Ah, I see now, makes sense! Yeah, okay then in this case this should be something like testPath("project/Header.h") which will be absolut path (what we want) and also relative to testPath("") (test path root).

ArcsinX updated this revision to Diff 299017.Oct 19 2020, 5:20 AM

auto => StringRef
add comment for llvm::sys::path::native() call
Result.str().str() => std::string(Result)
add back removed test

ArcsinX marked 2 inline comments as done.Oct 19 2020, 5:27 AM
ArcsinX added inline comments.
clang-tools-extra/clangd/index/remote/marshalling/Marshalling.cpp
59

So, I have made no changes here

99

Add more comments in try to explain, that Path is a relative path here and it could be with any slashes, so convert it to native to make sure it's compatible with the current system.

clang-tools-extra/clangd/unittests/remote/MarshallingTests.cpp
242

Thanks for advice, fixed

kbobyrev requested changes to this revision.Oct 19 2020, 5:55 AM

Also, please hit "Done" on the comments you resolved so that it's easier to track which ones are fixed, otherwise it's hard to follow :(

The patch looks good now, almost ready to go: comments are not really clear right now, I suggested possible alternatives.

clang-tools-extra/clangd/index/remote/marshalling/Marshalling.cpp
96

We normally don't escape variable names a-la Markdown.

Right now it's no very clear what it means, maybe just Construct full path using local prefix. or optionally just remove this one.

100

Maybe just FuzzyFindRequest requires proximity paths to have platform-native format in order for SymbolIndex to process the query correctly..

This revision now requires changes to proceed.Oct 19 2020, 5:55 AM
ArcsinX updated this revision to Diff 299034.Oct 19 2020, 6:16 AM

Comments fixes

ArcsinX marked 7 inline comments as done.Oct 19 2020, 6:19 AM
kbobyrev accepted this revision.Oct 19 2020, 7:22 AM

Thank you for the patch! Ready to land it now.

Please update the patch message before commiting though:

Without this patch 7 marshalling tests fails on Windows.
This patch contains the following changes:
Allow paths with Windows slashes.

This is not correct anymore, right?

Add support for URI with Windows path.
Change the value of the second parameter of several llvm::sys::path::convert_to_slash() calls: We should use windows instead of posix to ensure UNIX slashes in the path.
Remove part of RemoteMarshallingTest::IncludeHeaderURI test which could not be ported on Windows.

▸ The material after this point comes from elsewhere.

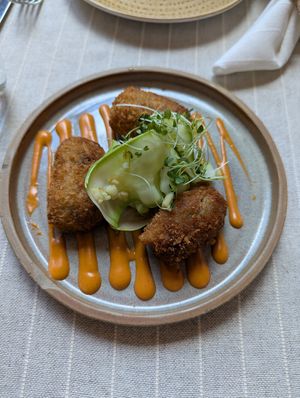 Croquettes at Gioia Cocina Botánica in Buenos Aires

This should not be the case anymor.

This revision is now accepted and ready to land.Oct 19 2020, 7:22 AM
ArcsinX edited the summary of this revision. (Show Details)Oct 19 2020, 8:09 AM

Thank you for the patch! Ready to land it now.

Thank you for review!

Please update the patch message before commiting though:

Without this patch 7 marshalling tests fails on Windows.

7 => 6

This patch contains the following changes:
Allow paths with Windows slashes.

This is not correct anymore, right?

We allow paths with Windows slashes now (convert to the POSIX style instead of assertion). I have updated description about this.

Add support for URI with Windows path.
Change the value of the second parameter of several llvm::sys::path::convert_to_slash() calls: We should use windows instead of posix to ensure UNIX slashes in the path.
Remove part of RemoteMarshallingTest::IncludeHeaderURI test which could not be ported on Windows.

This should not be the case anymor.

I have changed: "Remove" => "Port to Windows"

This revision was landed with ongoing or failed builds.Oct 20 2020, 3:05 AM
This revision was automatically updated to reflect the committed changes.